Di sana, iFLYTEK mendemonstrasikan teknologi penerjemah suara dan visual berbasis AI yang diklaim mampu menerjemahkan percakapan langsung ke 42 bahasa serta mendeteksi dan menerjemahkan teks gambar ke 34 bahasa.
Pertemuan berlangsung dalam nada serius namun konstruktif. Pihak kementerian diwakili oleh Direktur Hilirisasi dan Kemitraan, Prof. Yos Sunitiyoso, bersama stafnya, Deis Savitri.
Tiga hal menjadi poros diskusi: peluang hilirisasi produk AI, kolaborasi riset, serta kemungkinan adopsi perangkat iFLYTEK di lingkungan kampus.
Prof. Yos menegaskan bahwa momentum transformasi digital tidak boleh sekadar disaksikan, tetapi harus dimanfaatkan.
“AI bukan lagi isu masa depan, tetapi kebutuhan mendesak untuk meningkatkan mutu pembelajaran dan riset,” ujarnya.

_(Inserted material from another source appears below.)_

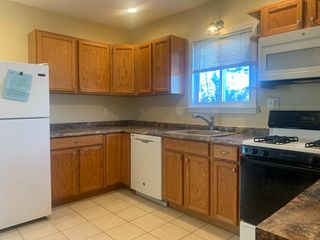 3 Hawkes St 2, Marblehead, MA 01945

Kementerian menilai kolaborasi dengan iFLYTEK dapat menjadi katalis, terutama jika tidak berhenti pada impor teknologi semata.

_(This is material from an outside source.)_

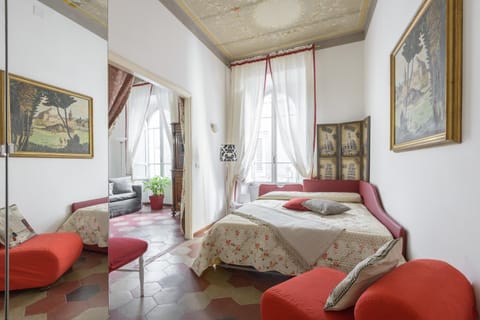 Photo of the whole room, Decorative detail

Fokus yang diusung adalah peningkatan kapasitas melalui laboratorium riset bersama, pengembangan kurikulum AI di perguruan tinggi, hingga tata kelola pemrosesan data berbasis etika sesuai budaya dan regulasi Indonesia.
Telkomsel: Menakar Potensi Solusi Enterprise
Dari ranah korporasi, iFLYTEK melanjutkan pembicaraan dengan Telkomsel. Pertemuan itu dihadiri oleh Fadli, General Manager Enterprise Customer Solutions Management, dan James Chan, yang membidangi pengembangan solusi digital enterprise.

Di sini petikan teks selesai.